Meta Platforms Inc., the parent company of Facebook, is embroiled in a legal battle over its use of copyrighted materials to train its artificial intelligence models. This lawsuit, part of a broader wave against Big Tech, alleges that Meta utilized books without the consent of the authors to develop its AI technologies.
The litigation, spearheaded by law firms Lieff Cabraser Heimann & Bernstein and Cowan, DeBaets, Abrahams & Sheppard, represents author Christopher Farnsworth. Filed in the U.S. District Court for the Northern District of California, the complaint accuses Meta of copyright infringement, claiming the company sourced “hundreds of thousands” of copyrighted books from an unauthorized online collection to construct its “Llama” large language model.
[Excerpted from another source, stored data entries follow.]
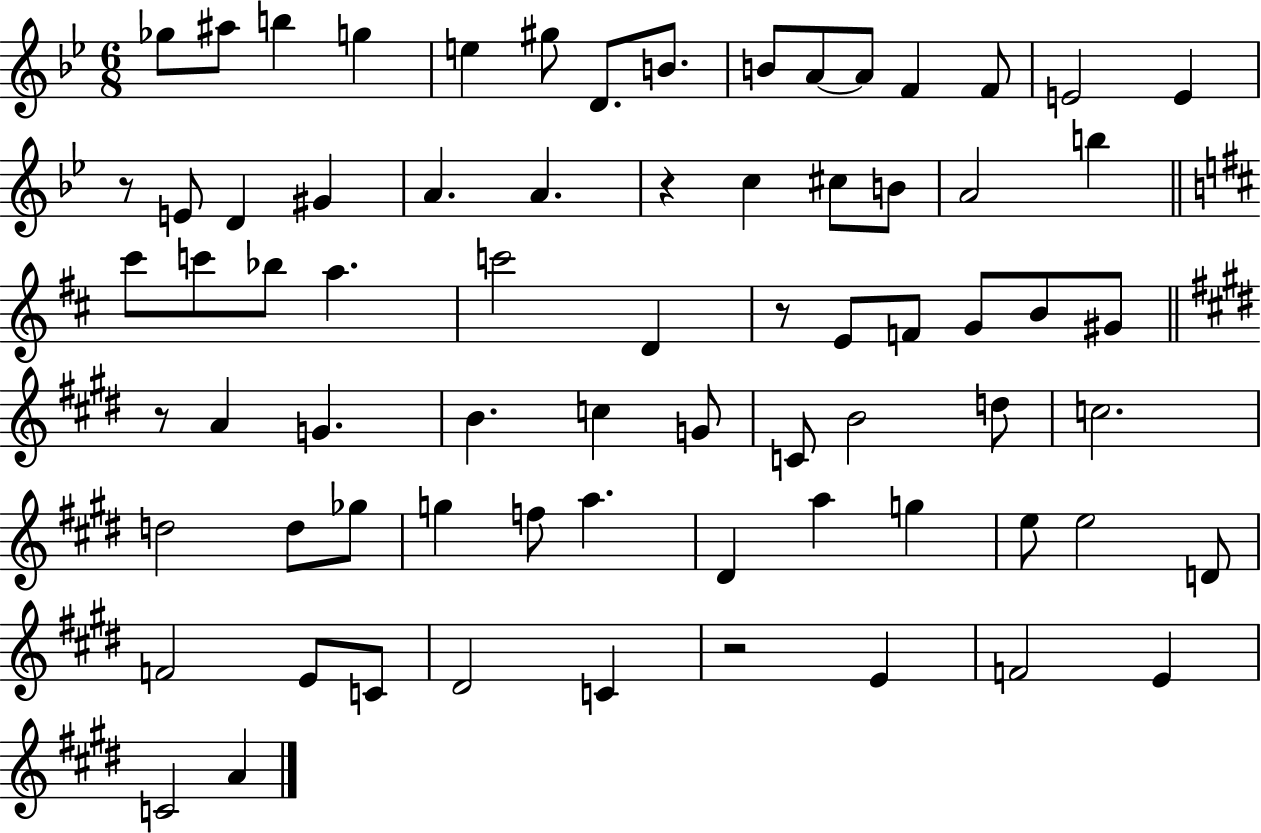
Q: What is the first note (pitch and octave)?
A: Gb5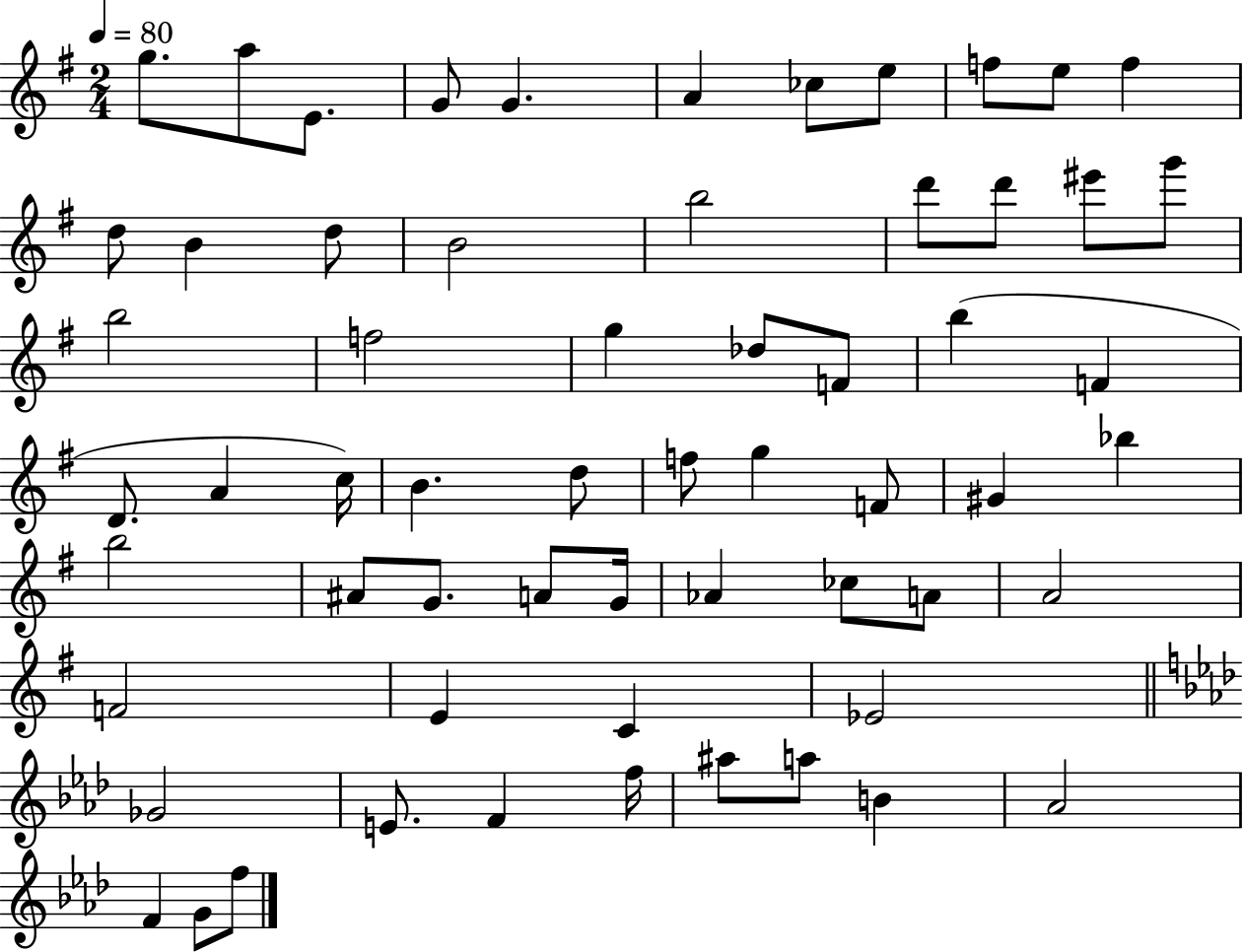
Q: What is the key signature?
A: G major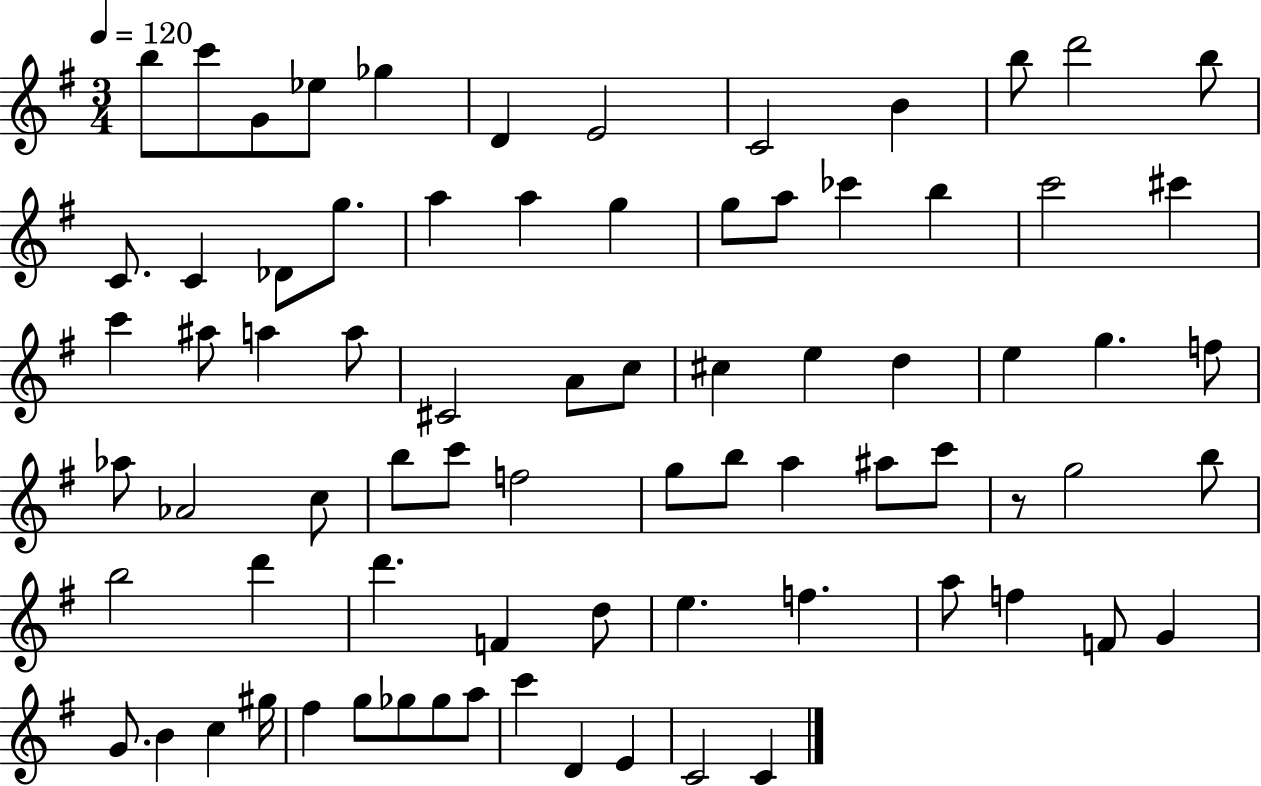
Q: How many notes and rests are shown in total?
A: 77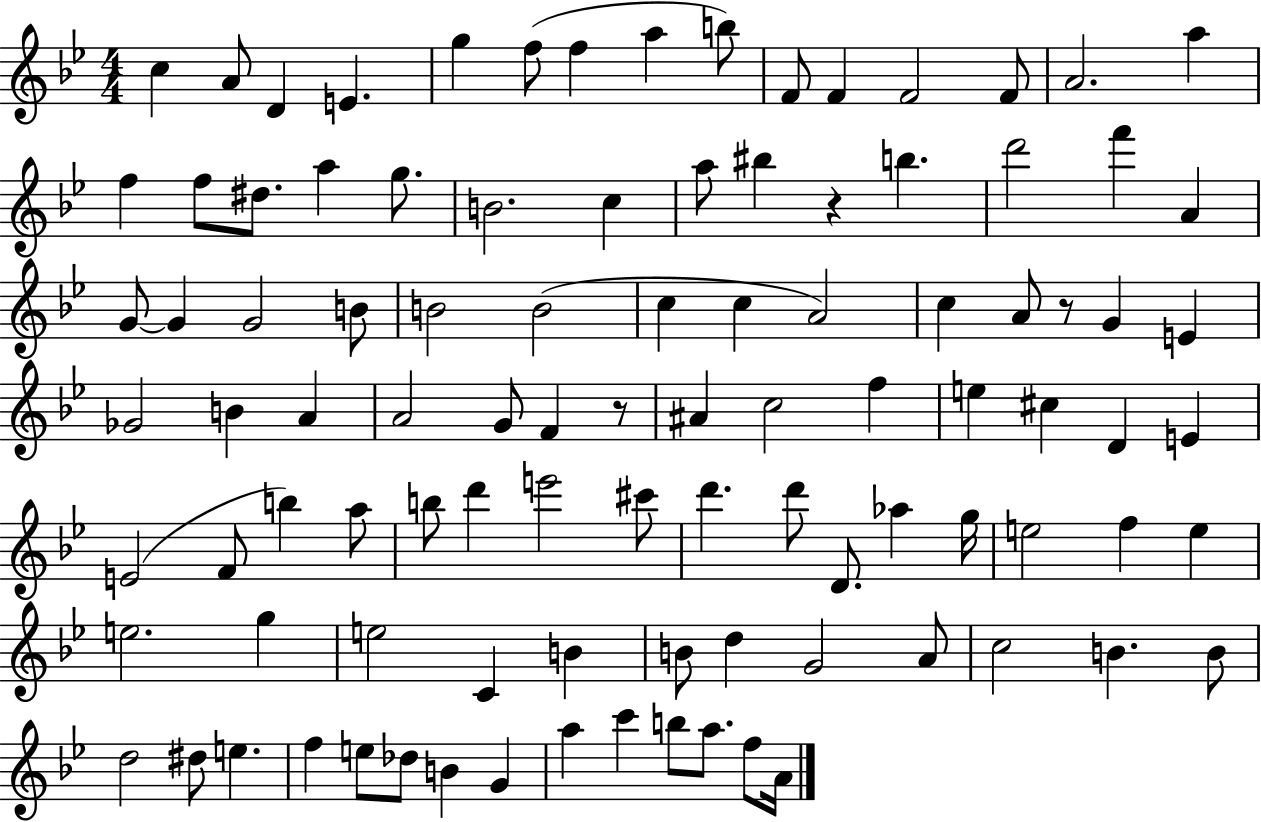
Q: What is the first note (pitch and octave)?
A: C5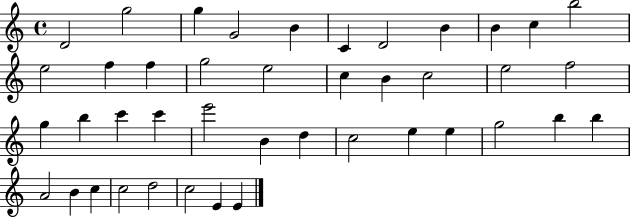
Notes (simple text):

D4/h G5/h G5/q G4/h B4/q C4/q D4/h B4/q B4/q C5/q B5/h E5/h F5/q F5/q G5/h E5/h C5/q B4/q C5/h E5/h F5/h G5/q B5/q C6/q C6/q E6/h B4/q D5/q C5/h E5/q E5/q G5/h B5/q B5/q A4/h B4/q C5/q C5/h D5/h C5/h E4/q E4/q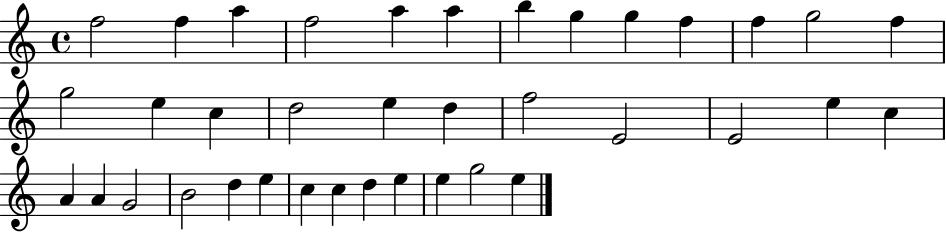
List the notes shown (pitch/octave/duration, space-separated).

F5/h F5/q A5/q F5/h A5/q A5/q B5/q G5/q G5/q F5/q F5/q G5/h F5/q G5/h E5/q C5/q D5/h E5/q D5/q F5/h E4/h E4/h E5/q C5/q A4/q A4/q G4/h B4/h D5/q E5/q C5/q C5/q D5/q E5/q E5/q G5/h E5/q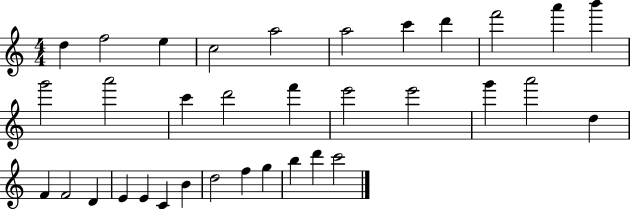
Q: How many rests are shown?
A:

Meta’s journey into AI began with the launch of its LLM family, initially titled LLaMA, in February 2023, as part of its competitive strategy against OpenAI’s ChatGPT. The company continued to evolve its AI capabilities, releasing “Llama 2” for commercial use in July 2023 and “Llama 3” in April 2024, aimed at enhancing its AI assistant “Meta AI.”
The lawsuit asserts that Meta accessed nearly 200,000 books from “Books3,” a repository of works extracted by developer Shawn Presser from the illicit site Bibliotik. This collection is part of “The Pile,” a dataset designed to train LLMs, hosted by EleutherAI. The complaint references a February 2023 research paper where Meta allegedly acknowledged using Books3 data for its AI training.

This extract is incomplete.